Je ne parle pas non plus de nos « sœurs voilées » qui se pavanent dans les magasins de luxe des centres commerciaux, au bord des piscines des hôtels cinq étoiles, dans leurs luxueux 4x4, et qui sont toujours enclines à se poser en victimes, ni de leurs maris aux moustaches « en amande » qui se sont enrichis grâce aux crédits d'État obtenus gratuitement.
Ou encore des nouveaux fonctionnaires qui, grâce aux recommandations des sections locales de l'AKP, sont devenus policiers, gardiens ou sous-officiers spécialisés, et qui, avec leurs salaires supérieurs à la moyenne, sont devenus l'électorat naturel du pouvoir...
Ce dont je parle, c'est de la véritable « classe moyenne » du pays.
C'est-à-dire, en Turquie, cette grande majorité laïque, nationaliste, qui représente et porte la modernisation, cultivée, urbaine ; des professionnels instruits, comme les médecins, les avocats, les enseignants, les ingénieurs, qui gagnent leur vie par leur travail et leur sueur.
Si nous prenons un peu de recul pour examiner l'ensemble de la question, nous pouvons dire qu'à l'échelle mondiale, la classe moyenne est une communauté économiquement plus libre, intellectuellement autonome, qui prend en compte l'intérêt public en plus de ses intérêts personnels, qui privilégie le droit et qui est humaniste par nature.
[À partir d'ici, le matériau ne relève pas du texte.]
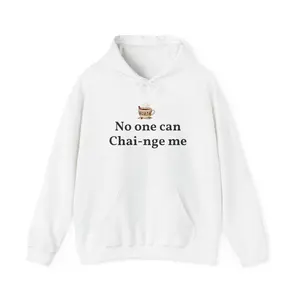 No one can Chai-nge me Hoodie | Paisley Pakistan Map Back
C'est plus ou moins la même chose pour la Turquie...
Eh bien, avec la politique qu'il mène depuis 22 ans, le pouvoir essaie de détruire cette classe moyenne en Turquie, d'égaliser les gens dans la pauvreté et le dénuement.
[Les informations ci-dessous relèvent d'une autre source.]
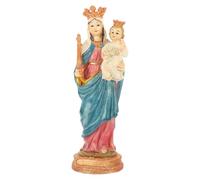 ULTECHNOVO Mary and Resin Statue, Classic Madonna Figurine for Desktop Decoration, Religious Home Décor Ornament Suitable for Church and Living Room Display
Il a déjà une allergie à la modernisation et au concept de nation.
Mais son véritable souci est de faire barrage aux revendications de démocratie, de droits de l'homme et de primauté du droit dans le pays.
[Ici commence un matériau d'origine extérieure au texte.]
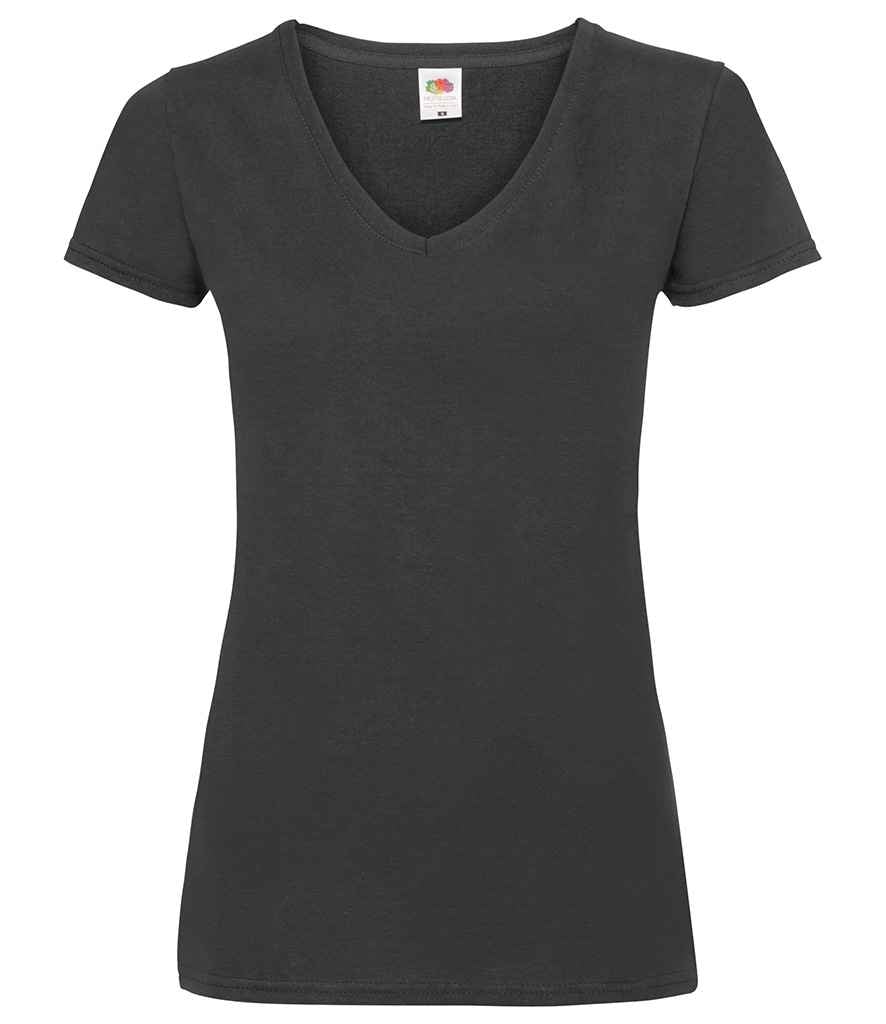 Fruit of the Loom Lady Fit Value V Neck TShirt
Ils sont conscients que si la classe moyenne disparaît en Turquie, ou si elle devient dépendante d'une économie de l'aumône octroyée par le pouvoir, alors ils pourront renforcer et institutionnaliser le régime néo-hamidien qu'ils ont en tête.
Personne ne réclamera la démocratie, ne parlera de droits de l'homme ou de primauté du droit, personne ne questionnera ce qu'ils font à l'intérieur comme à l'extérieur ; ainsi, la mentalité communautariste au service de l'impérialisme pourra agir à sa guise dans le pays.
Le fait que Tayyip ait fait exploser l'inflation en ignorant toutes les règles de la science économique au nom du « Nas » (précepte religieux) sert exactement cet objectif.
C'est pourquoi personne ne doit attendre de Mehmet Şimşek qu'il réduise l'inflation.
C'est là que le bât blesse !
Ils savent qu'il existe une relation extrêmement étroite entre la démocratie et la classe moyenne. Si la classe moyenne est forte dans un pays, la démocratie et les droits de l'homme le sont aussi, et la primauté du droit ne fait pas débat.
Mais si la classe moyenne est absente dans un pays, ou si elle n'est pas assez forte pour influencer la politique, il est impossible de parler de démocratie, de droits de l'homme ou de primauté du droit dans ce pays.
C'est pourquoi il considère la classe moyenne en Turquie comme une menace sérieuse pour son pouvoir.
Bien sûr, il n'est pas nécessaire de réinventer la roue.
Il y a exactement 2 300 ans, le philosophe grec Aristote avait lié la démocratie à l'économie et considérait l'existence d'une classe moyenne comme une nécessité pour la démocratie.
Cette réalité n'a pas changé depuis.
Si les choses continuent ainsi, nous serons beaucoup plus pauvres à la même époque l'année prochaine. Posons la question d'expert à dix points : quand le couteau atteindra-t-il l'os pour les gens de notre pays, ou l'atteindra-t-il jamais ? Laissons la réponse à la perspicacité de nos lecteurs et mettons un point final à notre article.